Short web captions:
↓↓↓

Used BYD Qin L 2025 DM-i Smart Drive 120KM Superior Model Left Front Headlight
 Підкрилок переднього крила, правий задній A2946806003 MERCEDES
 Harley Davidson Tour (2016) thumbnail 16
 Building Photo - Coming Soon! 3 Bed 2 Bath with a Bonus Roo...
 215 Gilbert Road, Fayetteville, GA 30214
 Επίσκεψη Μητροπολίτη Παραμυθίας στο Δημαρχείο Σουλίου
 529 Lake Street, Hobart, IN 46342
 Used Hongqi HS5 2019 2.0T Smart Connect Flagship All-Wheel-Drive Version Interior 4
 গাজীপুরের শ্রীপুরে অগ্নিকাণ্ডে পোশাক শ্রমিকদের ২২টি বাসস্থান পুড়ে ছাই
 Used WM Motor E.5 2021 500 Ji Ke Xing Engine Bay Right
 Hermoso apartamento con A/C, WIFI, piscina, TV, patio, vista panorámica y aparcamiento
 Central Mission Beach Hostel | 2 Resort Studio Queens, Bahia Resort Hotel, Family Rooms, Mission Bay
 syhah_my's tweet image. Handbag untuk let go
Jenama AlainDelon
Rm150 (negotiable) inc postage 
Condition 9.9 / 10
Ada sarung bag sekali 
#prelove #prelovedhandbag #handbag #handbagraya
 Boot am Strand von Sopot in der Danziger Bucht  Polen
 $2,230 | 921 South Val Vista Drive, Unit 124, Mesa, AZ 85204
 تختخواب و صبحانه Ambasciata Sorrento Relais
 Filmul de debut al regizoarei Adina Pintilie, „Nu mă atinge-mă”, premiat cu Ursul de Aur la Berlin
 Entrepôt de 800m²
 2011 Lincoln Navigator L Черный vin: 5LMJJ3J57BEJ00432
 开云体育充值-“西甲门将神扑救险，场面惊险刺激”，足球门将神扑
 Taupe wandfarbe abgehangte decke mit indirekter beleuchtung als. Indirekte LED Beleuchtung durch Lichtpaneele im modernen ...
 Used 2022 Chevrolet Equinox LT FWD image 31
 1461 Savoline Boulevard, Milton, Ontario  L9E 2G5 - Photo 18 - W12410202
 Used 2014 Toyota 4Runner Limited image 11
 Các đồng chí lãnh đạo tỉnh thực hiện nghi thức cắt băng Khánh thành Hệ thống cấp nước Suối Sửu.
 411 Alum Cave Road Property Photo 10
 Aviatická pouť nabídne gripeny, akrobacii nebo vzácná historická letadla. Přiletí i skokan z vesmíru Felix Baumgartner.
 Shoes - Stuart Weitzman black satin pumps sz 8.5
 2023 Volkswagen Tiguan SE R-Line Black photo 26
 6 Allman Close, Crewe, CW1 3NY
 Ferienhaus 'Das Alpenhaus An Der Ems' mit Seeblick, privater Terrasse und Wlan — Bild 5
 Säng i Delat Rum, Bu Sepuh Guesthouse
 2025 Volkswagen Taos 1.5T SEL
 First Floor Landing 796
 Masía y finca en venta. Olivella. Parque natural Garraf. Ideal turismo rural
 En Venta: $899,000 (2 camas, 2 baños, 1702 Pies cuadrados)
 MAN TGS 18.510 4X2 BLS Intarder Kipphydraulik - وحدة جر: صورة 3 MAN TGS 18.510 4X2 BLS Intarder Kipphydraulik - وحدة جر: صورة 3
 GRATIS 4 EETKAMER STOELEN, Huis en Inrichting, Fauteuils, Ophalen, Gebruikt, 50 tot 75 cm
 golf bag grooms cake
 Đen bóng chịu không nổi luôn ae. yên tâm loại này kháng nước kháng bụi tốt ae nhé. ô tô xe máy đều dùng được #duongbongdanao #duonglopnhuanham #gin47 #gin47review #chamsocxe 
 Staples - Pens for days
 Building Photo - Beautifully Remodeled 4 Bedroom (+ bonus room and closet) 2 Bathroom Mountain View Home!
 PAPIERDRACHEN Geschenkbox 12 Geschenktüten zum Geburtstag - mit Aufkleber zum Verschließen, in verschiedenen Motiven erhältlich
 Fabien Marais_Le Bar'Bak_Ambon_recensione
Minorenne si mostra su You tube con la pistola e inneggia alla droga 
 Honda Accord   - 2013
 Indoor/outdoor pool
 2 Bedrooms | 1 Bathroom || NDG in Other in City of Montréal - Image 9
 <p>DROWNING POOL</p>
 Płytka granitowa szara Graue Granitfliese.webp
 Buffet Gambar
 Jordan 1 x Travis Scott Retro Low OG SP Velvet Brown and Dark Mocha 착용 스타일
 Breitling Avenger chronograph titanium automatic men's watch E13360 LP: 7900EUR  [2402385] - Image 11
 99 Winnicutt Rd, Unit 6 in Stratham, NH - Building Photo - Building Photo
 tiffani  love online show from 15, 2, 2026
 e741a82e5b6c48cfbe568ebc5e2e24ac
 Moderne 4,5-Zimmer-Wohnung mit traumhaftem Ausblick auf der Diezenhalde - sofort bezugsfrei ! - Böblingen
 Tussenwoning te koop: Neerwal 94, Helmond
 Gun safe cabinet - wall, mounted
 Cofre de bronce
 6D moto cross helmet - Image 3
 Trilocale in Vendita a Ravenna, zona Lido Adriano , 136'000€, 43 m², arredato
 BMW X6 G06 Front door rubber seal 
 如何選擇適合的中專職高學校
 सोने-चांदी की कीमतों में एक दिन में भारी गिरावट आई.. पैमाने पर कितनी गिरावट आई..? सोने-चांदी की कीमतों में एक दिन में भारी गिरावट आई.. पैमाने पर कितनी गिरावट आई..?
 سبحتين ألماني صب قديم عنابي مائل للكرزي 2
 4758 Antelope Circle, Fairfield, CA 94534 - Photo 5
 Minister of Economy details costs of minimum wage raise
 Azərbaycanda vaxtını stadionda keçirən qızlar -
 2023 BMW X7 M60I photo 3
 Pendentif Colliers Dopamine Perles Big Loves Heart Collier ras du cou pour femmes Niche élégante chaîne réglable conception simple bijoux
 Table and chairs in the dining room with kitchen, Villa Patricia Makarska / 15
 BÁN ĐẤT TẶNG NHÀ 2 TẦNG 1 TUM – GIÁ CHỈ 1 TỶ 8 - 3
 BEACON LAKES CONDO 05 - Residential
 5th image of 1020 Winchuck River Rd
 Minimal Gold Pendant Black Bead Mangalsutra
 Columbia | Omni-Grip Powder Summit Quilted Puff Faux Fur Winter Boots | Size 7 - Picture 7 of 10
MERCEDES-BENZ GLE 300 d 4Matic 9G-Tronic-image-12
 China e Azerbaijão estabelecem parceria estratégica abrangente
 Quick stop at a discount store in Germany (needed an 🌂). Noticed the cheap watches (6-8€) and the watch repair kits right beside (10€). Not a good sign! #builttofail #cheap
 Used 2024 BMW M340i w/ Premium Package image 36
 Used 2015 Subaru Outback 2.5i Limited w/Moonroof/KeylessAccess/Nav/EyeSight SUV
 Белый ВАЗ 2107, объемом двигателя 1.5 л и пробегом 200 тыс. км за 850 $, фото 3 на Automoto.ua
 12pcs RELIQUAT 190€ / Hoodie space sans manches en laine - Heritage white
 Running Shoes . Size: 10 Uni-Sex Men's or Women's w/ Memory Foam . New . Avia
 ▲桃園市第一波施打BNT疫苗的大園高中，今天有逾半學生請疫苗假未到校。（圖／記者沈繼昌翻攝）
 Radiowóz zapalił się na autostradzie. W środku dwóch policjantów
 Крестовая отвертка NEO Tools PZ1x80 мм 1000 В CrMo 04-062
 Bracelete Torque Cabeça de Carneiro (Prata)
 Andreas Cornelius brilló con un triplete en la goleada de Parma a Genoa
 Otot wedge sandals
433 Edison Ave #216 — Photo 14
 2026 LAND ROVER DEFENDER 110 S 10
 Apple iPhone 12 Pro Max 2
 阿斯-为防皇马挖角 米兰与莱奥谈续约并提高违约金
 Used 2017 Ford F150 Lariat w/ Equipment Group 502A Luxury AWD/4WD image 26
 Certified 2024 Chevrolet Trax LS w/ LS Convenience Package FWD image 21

↑↑↑

## Problem
Please reply with an exact copy of the lines above, starting at the first and ending at the line that holds "Hermoso apartamento con".

## Answer space
Used BYD Qin L 2025 DM-i Smart Drive 120KM Superior Model Left Front Headlight
 Підкрилок переднього крила, правий задній A2946806003 MERCEDES
 Harley Davidson Tour (2016) thumbnail 16
 Building Photo - Coming Soon! 3 Bed 2 Bath with a Bonus Roo...
 215 Gilbert Road, Fayetteville, GA 30214
 Επίσκεψη Μητροπολίτη Παραμυθίας στο Δημαρχείο Σουλίου
 529 Lake Street, Hobart, IN 46342
 Used Hongqi HS5 2019 2.0T Smart Connect Flagship All-Wheel-Drive Version Interior 4
 গাজীপুরের শ্রীপুরে অগ্নিকাণ্ডে পোশাক শ্রমিকদের ২২টি বাসস্থান পুড়ে ছাই
 Used WM Motor E.5 2021 500 Ji Ke Xing Engine Bay Right
 Hermoso apartamento con A/C, WIFI, piscina, TV, patio, vista panorámica y aparcamiento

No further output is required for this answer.